肩関節屈曲
私が、肩関節の関節可動域訓練を行う際、まず、肩甲骨の動きを確認します。
肩甲骨の動きを確認した後、肩甲上腕関節周囲の筋肉の触察を行い、緊張の高い筋肉は緩めます。それから、末梢の手関節周囲筋までチェック&ケアを行い、肩関節を屈曲させていきます。
キーワード「エンドフィール」
エンドフィールとは
エンドフィールとは,関節を他動的に動かした時に最終域で感じられる抵抗感である.エンドフィールは正常関節でも感じられるものと,痛みや関節可動域制限に関連した異常なものに分けられる.

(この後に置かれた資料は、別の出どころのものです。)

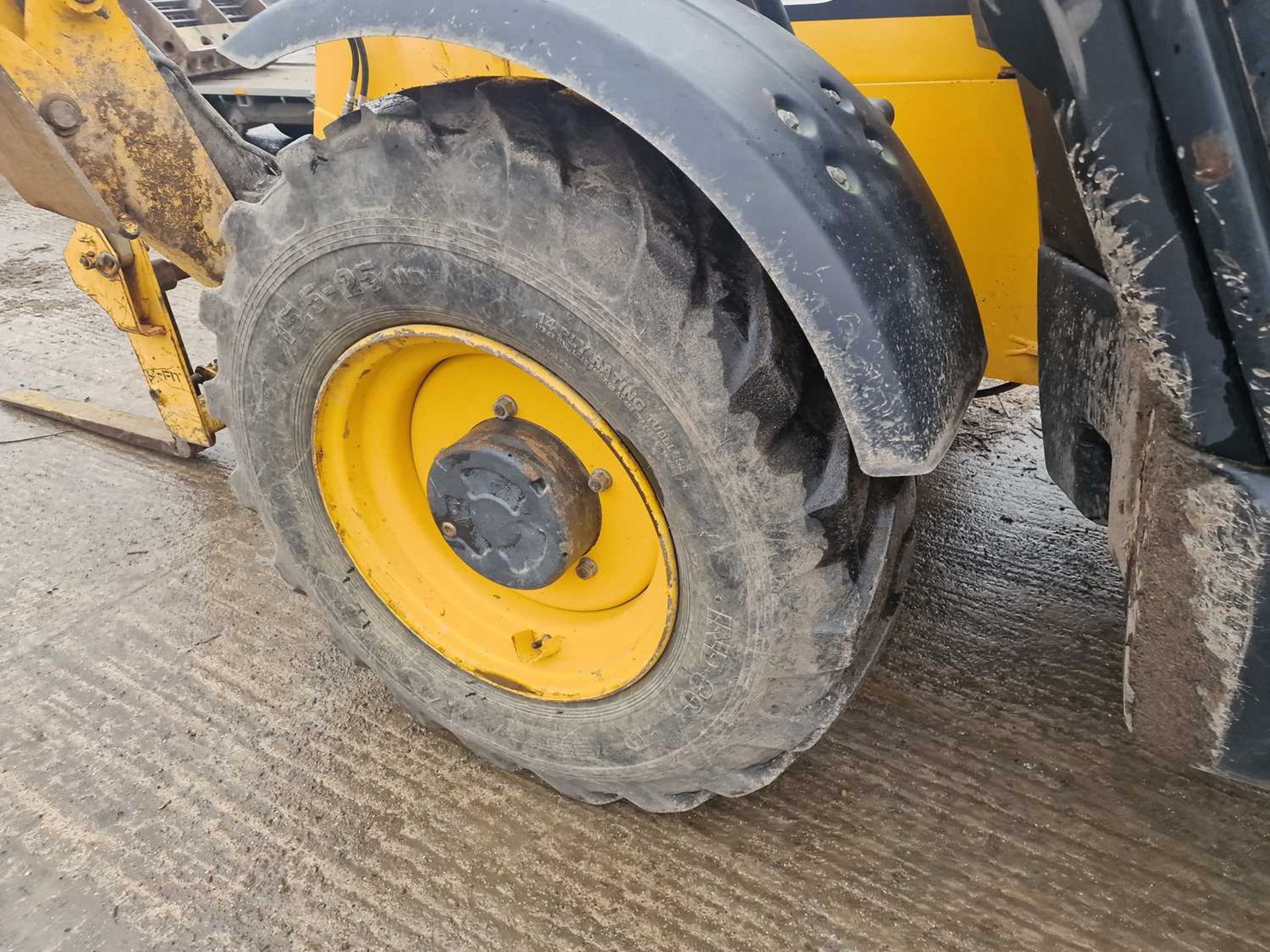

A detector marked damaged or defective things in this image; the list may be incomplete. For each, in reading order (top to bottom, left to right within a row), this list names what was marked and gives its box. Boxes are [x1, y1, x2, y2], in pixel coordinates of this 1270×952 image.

この概念はイギリスの整形外科医Cyriax1)により軟部組織損傷の診断手技の1つとして紹介され,その後,徒手療法を行う理学療法士によりいくつかの分類がなされている 。
理学療法ジャーナル 42巻3号 より引用
要は、肩の屈曲の終末期において、どんな抵抗感を残すか。
骨と骨がぶつかって終わる感じなのか、筋肉がグーっと、これ以上伸びませんという抵抗感か。
骨と骨がぶつかって終わる感じであれば、関節のアライメントの調整等が必要になります。
そうでない場合、筋短縮(ショートニング)が原因かもしれません。
(関節包にも問題があるかもしれませんが)
筋短縮が原因の場合
仮に、筋短縮が原因であった場合、どこの筋肉が悪さをしているか。
経験上、多いのが、「小円筋」と「大円筋」
ともに、肩甲骨の外側と上腕骨をつなげている筋肉です。肩を屈曲させるには、肩甲骨と上腕骨が離れていく必要があります。肩甲骨と上腕骨が離れていくには、この小円筋と大円筋がしっかり伸びてくれなくてはいけません。
しかし、片麻痺になり、麻痺側上肢をフルに屈曲させる機会が減ると、この筋肉たちは柔軟性を失い、伸び切ってくれなくなります。
ここに問題がある方が多いです。
なので、利用者さんに、仰向けに寝ていただき、肩関節最大屈曲位で、ホールドして、小円筋、大円筋にストリッピングを行うと、可動域が改善されることが多いです。
ストリッピングとは?
筋肉の起始部から停止部にかけて、筋繊維の方向に沿って、圧をかけながら指を移動させるテクニックです。
個別の筋肉を狙い撃つため、筋肉の走行の知識が必要です。筋肉の緊張を深層部まで緩めることが可能といわれています。
もし、ご家族様がセラピスト代わりの方は、是非、お試しください。
セルフストレッチで行うには。
・椅子とテーブルをご用意ください。
・座った状態で、テーブルに腕を乗せます。
・できる限り、腕を体から離し、これ以上離れないというところで、ストップ。
・上腕骨から肩甲骨の外側につく、小円筋、大円筋をセルフストリッピング。
如何でしょうか?
この後、上肢を挙上してみて、可動域が広がったり、楽になったりされれば、小円筋、大円筋の柔軟性が不足しているということになります。
くれぐれも、痛みのない範囲でお願いします。